### TASK DESCRIPTION
Please give the listing again in full, leaving out its images.

### AVAILABLE DATA
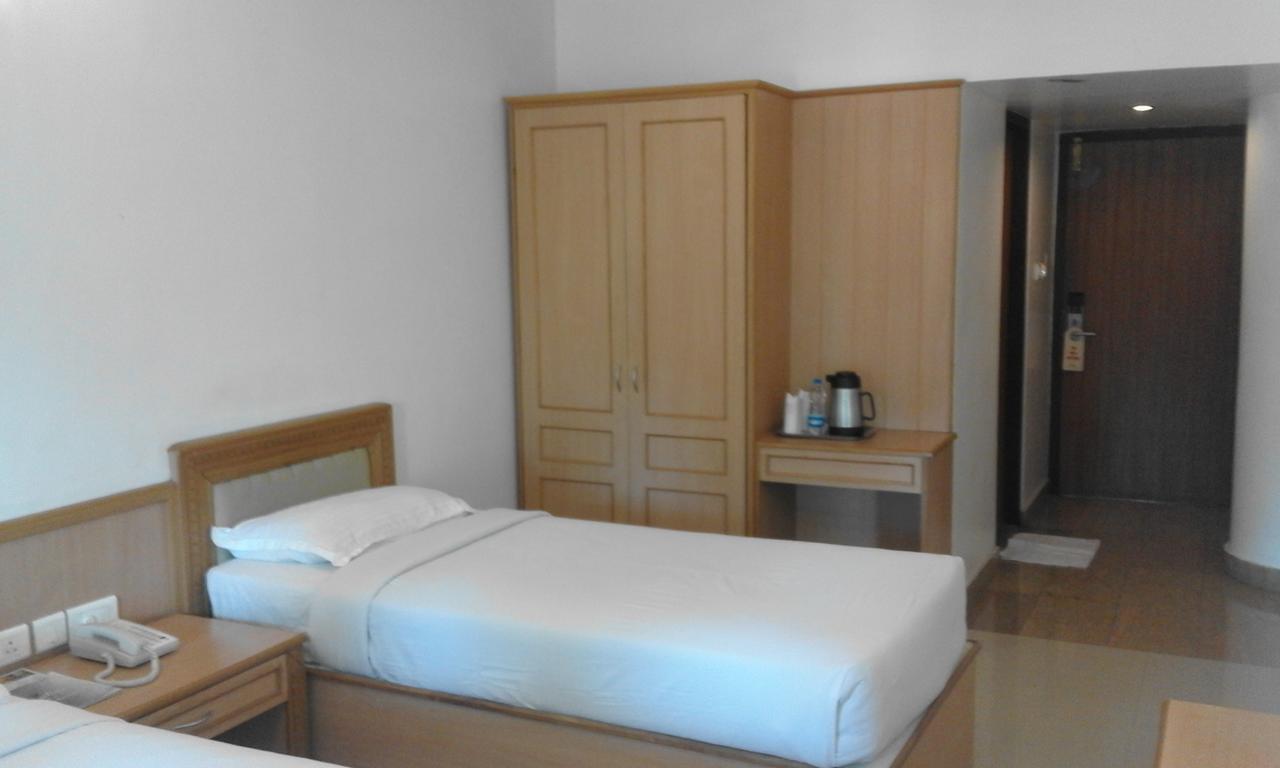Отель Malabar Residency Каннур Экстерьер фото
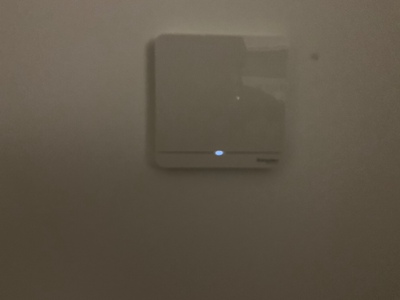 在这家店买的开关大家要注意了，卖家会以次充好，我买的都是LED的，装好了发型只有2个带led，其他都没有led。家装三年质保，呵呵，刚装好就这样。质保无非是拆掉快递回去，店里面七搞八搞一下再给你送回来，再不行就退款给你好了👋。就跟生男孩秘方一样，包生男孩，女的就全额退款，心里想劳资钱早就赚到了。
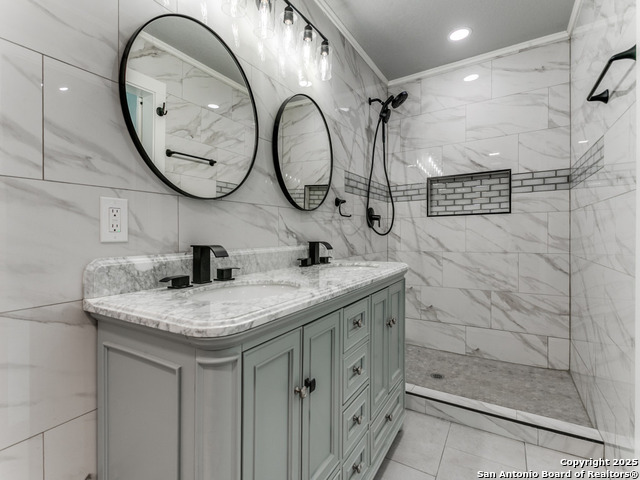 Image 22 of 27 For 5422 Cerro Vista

### RESPONSE AREA
Отель Malabar Residency Каннур Экстерьер фото
 在这家店买的开关大家要注意了，卖家会以次充好，我买的都是LED的，装好了发型只有2个带led，其他都没有led。家装三年质保，呵呵，刚装好就这样。质保无非是拆掉快递回去，店里面七搞八搞一下再给你送回来，再不行就退款给你好了👋。就跟生男孩秘方一样，包生男孩，女的就全额退款，心里想劳资钱早就赚到了。
 Image 22 of 27 For 5422 Cerro Vista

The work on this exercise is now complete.